Los ging das Jazzjahr Ende Januar bei einem Feierabendkonzert in der Lebewohlfabrik, einem kleinen Raum ganz in meiner Nähe, den ich eher selten besuche … was mit dem Programmschema (Di 18 Uhr, Do 20 Uhr) aber teils auch mit dem eher konservativen Programm zu tun hat. Ein paar schöne Abende erlebte ich aber z.B. mit Pierre Favre, und jetzt wieder mit einem Trio um Bänz Oester, einen der wichtigsten Bassisten im Land in den letzten Jahrzehnten. Im Trio Mingus spielen war ja etwas, was ich vor 30 Jahren auch gerne tat, aber natürlich nicht annähernd so gut … und nicht annähernd so gekonnt arrangiert: wenn z.B. in „Fables of Faubus“ die mehrstimmigen Passagen kamen, wechselte Oester fliessend aus der Begleitung in die Gegenmelodie und liess das Sax in die Trompetenstimme springen. Die drei haben die so frei wirkenden Mingus-Grooves wirklich drauf, Amereller spielte mit einem ähnlich offenen, eher kargen polyrhythmischen Stil, wie Dannie Richmond das über so viele Jahre tat. Das grösste Pensum zu bewältigen hatte aber Christoph Grab, den ich wie Amereller noch viel zu selten gehört habe. Er überzeugte mit am Tenorsax wie am Altsax völlig, spielte elegant und doch mit einer kernigen Härte, raute seinen Ton immer mal wieder auf … und glänzte mit einem tollen Flow an Ideen, der nur selten mal in routiniertes Playing fiel. Herz der Band, Motor, Seele, Sound-Kitt war aber Oester mit seinem lebendigen, immer geerdeten Bass. Wenn ich’s richtig notiert habe, spielten sie im ersten Set fast nur Musik aus dem Schlüsseljahr 1959 und ein wenig was von 1960/61, nämlich der Reihe nach „Better Git It In Your Soul“, „Boogie Stop Shuffle“, „Goodbye Pork Pie Hat“, „Peggy’s Blue Skylight“, „Reincarnation of a Love Bird“ und „Jelly Roll“. Im zweiten Set wurde dann nach zwei weiteren Klassikern das Repertoire der Siebziger miteinbezogen, es gab „Moanin'“, „Fables of Faubus“, „Duke Ellington’s Sound of Love“, „Remember Rockefeller in Attica“, „Nostalgia in Times Square“ und als Zugabe „Opus 3“.

Nicolas Masson Quartet
Zürich, Moods – 15. Februar 2025

Nicolas Masson (ss, ts), Colin Vallon (p), Patrice Moret (b), Lionel Friedli (d)

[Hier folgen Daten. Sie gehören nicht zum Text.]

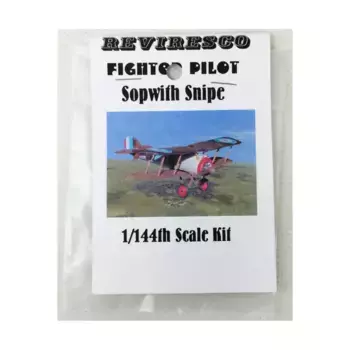 Сопвит Снайп, WWI Aircraft - British (1:144) (Reviresco)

Den nächsten nächste Abend hatte ich im Hörthread kurz erwähnt, weil er mich doch etwas überrascht, zu einem neuen Hören, einer neuen Wahrnehmung dieser schon recht lange bestehenden Gruppe geführt hat, die ich allerdings zuvor nur von den beiden früheren Alben kannte. Neu, unerwartet, war für mich, wie laut dieses Quartett war, wie differenziert es aber dennoch musiziert (was nun keine Überraschung, ich hatte eher zarte Musik erwartet). Die Musik des Quartetts war präzise, manches wirkte etwas zurückgehalten (auch keine Überraschung, so höre ich auch die ECM-Alben, das neue vielleicht etwas weniger als „Travelers“), dennoch war das druckvoll. Masson spielte die meiste Zeit gar nicht richtig in das Mikrophon vor ihm (das muss ja beim Sax nicht vor dem Trichter sein, aber in der vertikalen Achse halt, nicht einen halben Meter daneben), dennoch hatte er nie Probleme, sich zu behaupten: die Kraft der Projektion. Vallon sorgte besonders im lebendigeren zweiten Set für ein paar Höhepunkte, aber vieles wirkte wie Bandmusik, es gab überhaupt wenige Soli, zwei oder drei von Vallon, mal ein Bass- oder oder ein Schlagzeugsolo. Und ob Massons Beiträge als Soli zu betrachten sind, würde ich eher bezweifeln. Klar wurde viel improvisiert, aber gemeinsam, in vorgegebenen Rahmen, mit Grooves, die gerne auch mal unregelmässig oder in ungleichen Aufteilungen funktionierten. Geerdet und zusammengehalten wurde das einmal mehr vom Mann am Bass, der oft so unscheinbar wirkt (ich habe ihn mit Vallon und mit Elina Duni und Vallon und einem weiteren tollen Drummer, Norbert Pfammatter, seit 2012 immer wieder live gehört), aber eben eine viel wichtigere Rolle einnimmt, als man auf den ersten Blick denken mag. Dabei ist er nicht Ruhepol oder Anker oder sonst eine blöde Metapher sondern in in enger, oft geradezu symbiotischer Verzahnung mit dem Klavier von Vallon und den Drums von Friedli (oder früher Samuel Rohrer und heute Julian Sartorius im Vallon-Trio bzw. eben Pfammatter im früheren Duni-Quartett). Was mir bei dem Konzert auch aufgellen ist (und klar: ich hörte das Quartett zum ersten Mal, sonst wüsste ich das wohl alles schon lange): wie dynamisch das Spiel der Gruppe war – und wie begrenzt daneben die Aufnahmen wirken – leider, aber auch naturgemäss, denn da wo das anders gehandhabt wird, etwa bei CIMP, macht das heimische Hören dann ja manchmal echt keine Freude mehr.

Colin Vallon Trio
Basel, Musée Tinguely, 28. März 2025 (nachmittags)
Basel, Bird’s Eye, 28. März 2025 (abends)
Jazzclub Uster, 14. März 2025

Colin Vallon (p), Patrice Moret (b), Julian Sartorius (d)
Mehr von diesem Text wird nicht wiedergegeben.